The internal brand culture and holistic performance make up the behavior of a company. As any insider would agree, a positive or a negative reputation strongly depends on the behavior of an organization. This then gives way to the reasonable conclusion that good behavior equals good reputation. Manners make the brand rep. However, as in the words of Albert Einstein: “Everything should be made as simple as possible, but not simpler.” This is especially true when it comes to such complex notions such as corporate reputation.
“So as much as reputation management, by today, can be called a science, it, unfortunately, still is not an exact one.”

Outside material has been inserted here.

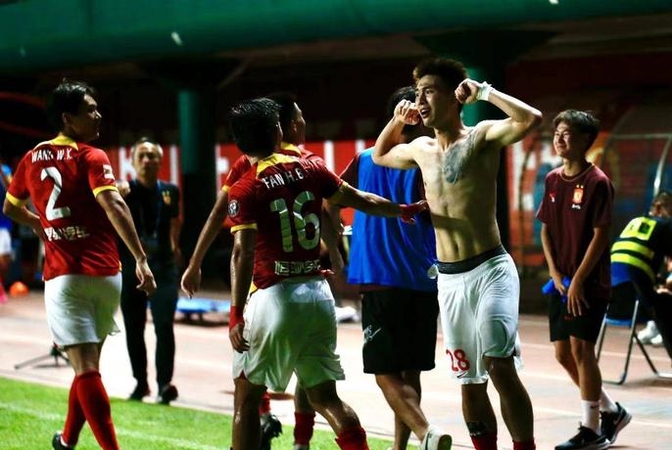 PG电子试玩官网-关于广州队惊险击败四川队，实现逆袭胜利的信息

So as much as reputation management, by today, can be called a science, it, unfortunately, still is not an exact one. Precedents in economic history have taught us thus far that it is a non-linear or complex component. A widely known situation of such complexity that is frequently evident in the corporate world today is when a corporation finds its reputation under threat, despite its model behavior. In other words, reputational crisis, in some cases, hits even those corporations that deserve it the least.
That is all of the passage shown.